Bizim milletin elinin ayarı yok. Hadi bunu hepimiz biliyoruz da hem vallahi hem de billahi yaylayı mesken tutan Arapları da bu konuda kendimize benzetmişiz. Bir şey hoşuma gitti. O da yayla merkezinde ki esnafların içtenliği, doğallığı ve samimiyetleri. İnsanları çok güzel karşılıyor ve hoş sohbetleri ile güzel iletişime geçebiliyorlar.

Ben her zaman söylüyorum. Bu iddiamın yine arkasındayım. Bizim Ordu’da, turizm anlayışımız sıfır. Hatta eksi bin beş yüz. Turizmin farklı alanlarında farklı yatırımların nasıl yapılacağını, farklı işletmelerin farklı uygulamalarını, doğa ve tesisleşme konusunda ki çalışmaları ve projeleri maalesef ne anlayan, ne uygulayan ne de uygulatan var.

Merak etmeyin, sadece Perşembe Yaylası değil, Çambaşı’nda da temizlik ve hijyen konusunda da manzara aynı. Bu olumsuz manzaraları başta Ulugöl olmak üzere Gaga gölü, şelalelerin neredeyse tamamında bu iki kural tamamen ihlal edilmiş durumda.

Karadeniz’de turizm noktalarında yemeden içmeye, konaklamadan ulaşıma varıncaya kadar en pahalı ilinde bizim olduğunu biliyor musunuz? Bakın işte bu konuda da elimize su döken yok. Hazır Araplar da buradayken bu konuda kocaman bir Maşallah çekelim mi? Çekelim gitsin ne olacak canım. Nasıl olsa Ekim, Kasım aylarında başlayacaksınız yine şu kadar kişi geldi, şu kadar kişi gitti, şunu yaptık, bunu yaptık diye. 

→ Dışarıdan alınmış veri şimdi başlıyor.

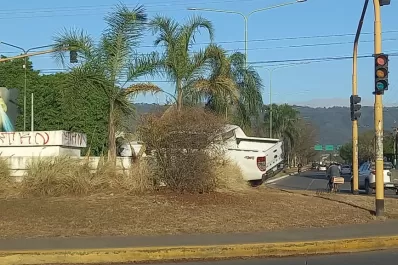 Perdió el control de su camioneta y terminó impactando sobre la rotonda de la Perón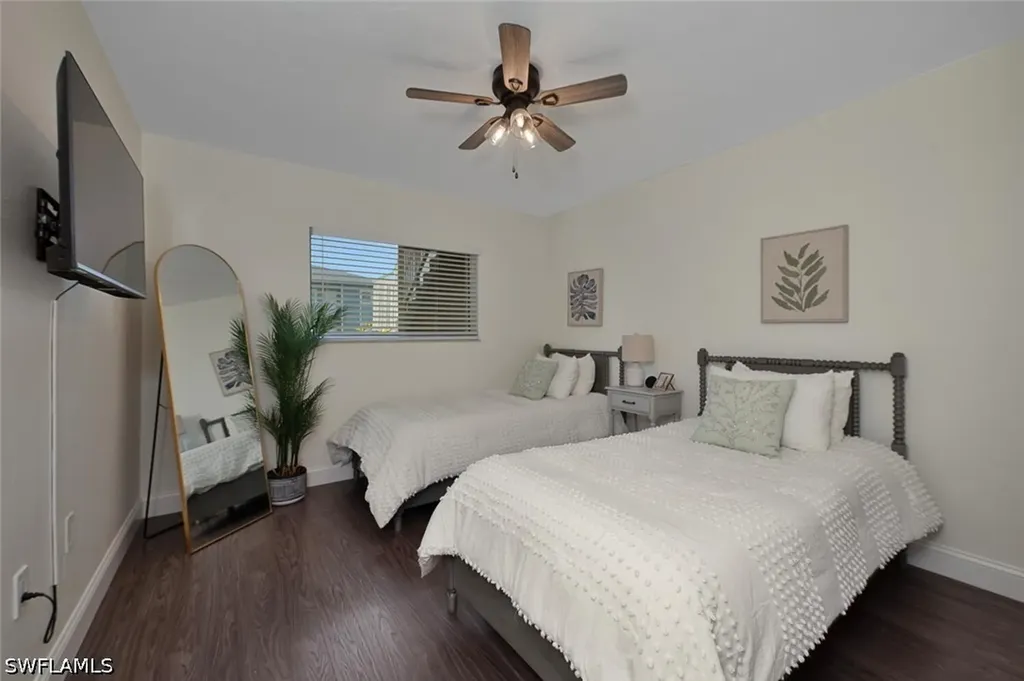 154 Cypress Way E Naples FL 34110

Bizimkini sokma akıl diye kabul etmiyorlar. 10 senedir dilimizde tüy bitti. Ama bir şey değişmedi. Siz böyle devam edin. Aman rahatınızı bozmayın. Bu pahalılıkta bu senede iyi kar yapar, kışında bol bol sayarsınız. Sermayeye hizmet eden yatırımla, sermayeye hizmet eden hizmetle turizm olmuyor beyler olmuyor. Şu at gözlülüklerinden bir kurtulun artık bir kurtulun. Yeter da.